Obscurum (Frederic Garçon, Belgium, 9m)
A young woman awaits the outcome of a surgical procedure, performed in an attempt to make her look ‘normal’.
Panic Attack! (Eileen O’Meara, USA, 4m)
You know the nagging thoughts that start with “did I leave the coffee on?” and turn in to “what if I give birth to Satan’s baby?” This hand-drawn animation explores anxiety, obsession, and one woman’s slippery hold on reality.
Pep Mask (William Marler, UK, 5m)
Physiotherapy is a daily task for the director/writer of this film and although second nature to him; it was something he hated to do as a child. This film, explores patterns, shapes, lines, and colours – alongside his physiotherapy routine and how important this had become for his life.
Pint Puller (Jake Balfour-Lynn, UK, 1m)
A man walks into a bar..
The Present (Jacob Frey, Germany, 5m)
Jake spends most of his time playing videogames indoors until his mum decides to give him a present.
Seven Days a Week (Tal Amiran, UK, 10m)
For the last 36 years, Paul has opened his North London paper stall at 4.40am, seven days a week, every week of the year. Now 66, and with his time selling papers nearing an end, Paul reflects on his life in the paper booth and what the future holds for the stall he inherited from his father.
Signs of Silence (R. M. Moses, UK, 20m)
Born into a world of silence, Eli finds himself not able to communicate well with people. Mainly because not everyone understands sign language. This has impacted his self-esteem and confidence. This is Eli’s story of how difficult life can be when you aren’t being heard.
A Six and Two Threes (Andy Berriman, UK, 13m)
A Six and Two Threes is a short film about two boys from different sides of the tracks who meet when one goes in search of his real father. Shot on location in Stockton on Tees, the film was part of the Creative England iShorts 2 scheme.
Smog (Rafael Gibbons, UK, 13m)
A short fantasy film with an environmental message. In London a giant smog cloud has blocked out the sun. So schoolgirl Molly and her grandfather come up with a plan to bring the sunshine back.
Stereotype (Jordan McGibney, UK, 11m)
A bullied teenage boy journeys into the night wanting to avenge his brothers death, only to find himself locked in a moral dilemma that will change his life forever.
Strange Weather (Tom Shrapnel, UK, 19m)
Two people witness a natural phenomenon that reawakens their senses and draws their empty lives together.
Test Drive (Ryan Enever, UK, 1m)
How hard is it to sell a car these days? One man shows that it’s just a matter of a little persuasion, and the right selling technique to clinch that final sale.
Three Minute Warning (Iqbal Mohammed, UK, 12m)
In Palestine, a 14 year old girl called Mariam cares for her disabled mother. One night, an Israeli “knock-on-roof” bomb is dropped onto their building allowing them only three minutes to escape before it is demolished. This emotional 11 minute drama depicts the reality of civilians in Gaza, Palestine.
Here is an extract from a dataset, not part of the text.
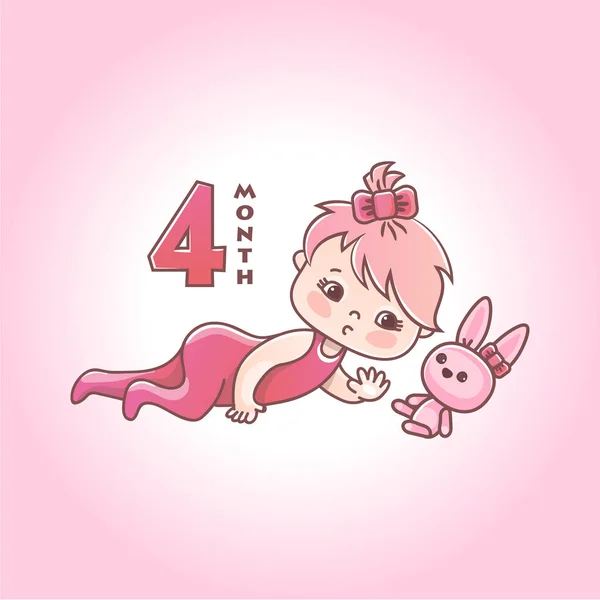 Liten baby flicka med rosa båge och leksak kanin. Barns utveckling under det första levnadsåret. De fyra månaderna av en baby flicka. Vektor illustration isolerad på rosa bakgrund — Stock vektor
Today Is the Day (Betsy H. Hershey, USA, 16m)
Deep in Mexico, Carlos, an indigenous Tarahumara who left his community to be trained as a nurse, has returned to his homeland to try to save babies and mothers who have been dying at a high rate during childbirth. These deaths (far too common in indigenous groups worldwide) further threaten an already dwindling population and its dying culture.
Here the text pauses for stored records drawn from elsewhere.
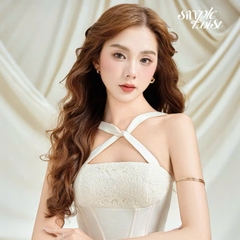 Đầm Cúp Ngực Cổ Yếm Phối Ren Thương Hiệu Simple Twist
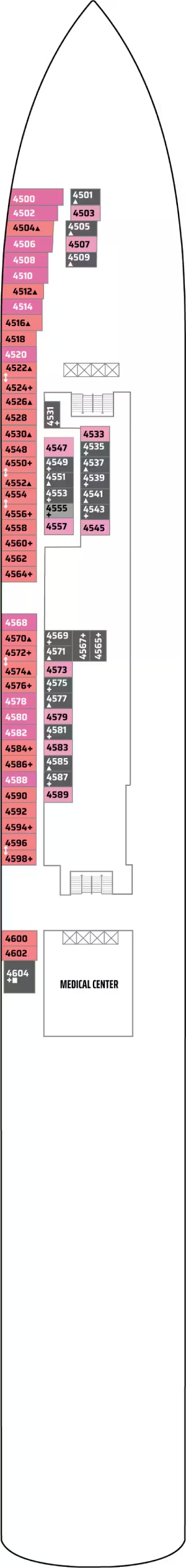 Norwegian Gem Deck 4 deck plan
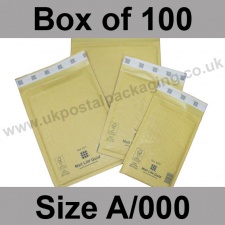 Mail Lite, Gold Bubble Lined Padded Bags, Size A/000 - Box of 100
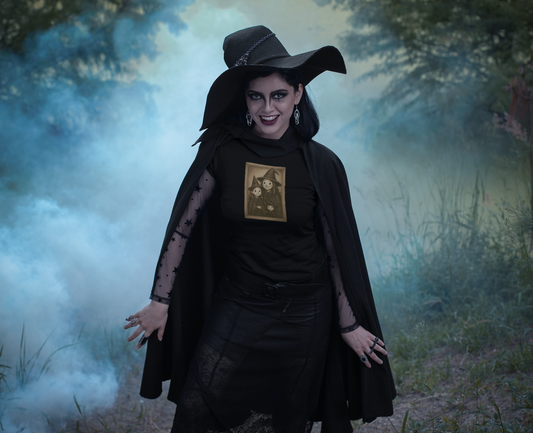 Vintage Witch Family Portrait Tee – Spooky Cute Women’s Halloween Shirt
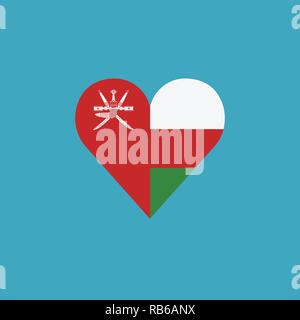 Oman flag icon in a heart shape in flat design. Independence day or National day holiday concept. Stock Vector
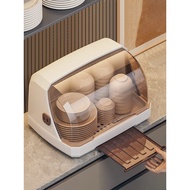 [in stock] Tableware Storage Box with Lid Draining Plate Rack Bowl Plate Plate Storage Cupboard Kitc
Whisper (Jo Lewis, UK, 11m)
A young woman travels to a remote beachside cabin in an attempt to finally quit her heroin habit. While there she accidentally sets in motion a chain of sinister events. Hauntingly beautiful, Whisper is a modern day ghost story that will keep you gripped from start to spine-chilling finish.
wHole (V. Klinger & R. Banning, Germany, 8m)
A relationship is put to the test, as a husband makes a drastic sacrifice for his wife.
You Are Whole (Laura Spini, UK, 16m)
Norman Pugg arrives in a sleepy British seaside town with a mission: to spread the word of The Children of the Mountain of the Star. However it seems that the local residents may have bigger problems than battling their spiritual confusions as Norman discovers a number of his prospective clients dismembered in their own homes. Mistaken for the serial killer and hounded by the police, Norman must persevere in order to bring wellbeing and clarity to a world where everything has stopped making sense.